Reading Response 5
Isak Dinesen shoots an iguana with the intention of using the skin for aesthetic beauty. She fails to understand the reality of what she is trying to do. I feel the unequal distribution of power between the gun and the iguana may represent humanity's domination over animals. Dinesen alludes to the negative impact of humans on planet earth and our parasitic nature when she quotes a saying of a hero in a book she had read as a child: "I have conquered them all, but I am standing amongst graves" (73). My own experience in "shooting an iguana" involves hunting and capturing sand crabs. Watching the surface of the shoreline for air holes, I would dig into the sand capturing crabs. I begged my parents to let me take the crabs home, but they explained to me the importance of natural habitat and the very realistic possibility that the transfer of the sand crabs to my home would kill them.

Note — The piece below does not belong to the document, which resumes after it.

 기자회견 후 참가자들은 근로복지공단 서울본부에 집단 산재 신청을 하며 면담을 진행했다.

George Orwell is a policeman in the town of Moulmein in Lower Burma. After a rampant elephant kills a man, Orwell is in a position where he feels he has to kill the elephant. George Orwell does not want to shoot the elephant, yet the circumstance drives him to it. If I were in his position, I would not have given in to the pressure he feels to shoot the animal. I could not bring myself to shoot and kill an elephant despite similar circumstances. The presence of the Burmese natives gathered in a crowd, encircling and itching to strip the elephant of its meat and resources, would further my decision not to shoot the elephant.

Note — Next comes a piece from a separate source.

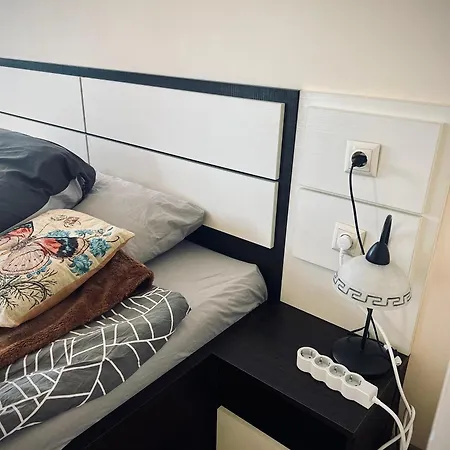 Apartman Cosy Rooftop In Center Szófia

Orwell and Dinesen both experience the similar experience of shooting an animal. Dinesen seeks out the iguana with the intention of shooting it, while Orwell is faced with the obstacle of making a decision based upon the circumstances. Dinesen situation differs in the sense that she shoots the iguana with her own intentions of using it for her own benefit. Orwell is in a position of authority and feels pressure to act based...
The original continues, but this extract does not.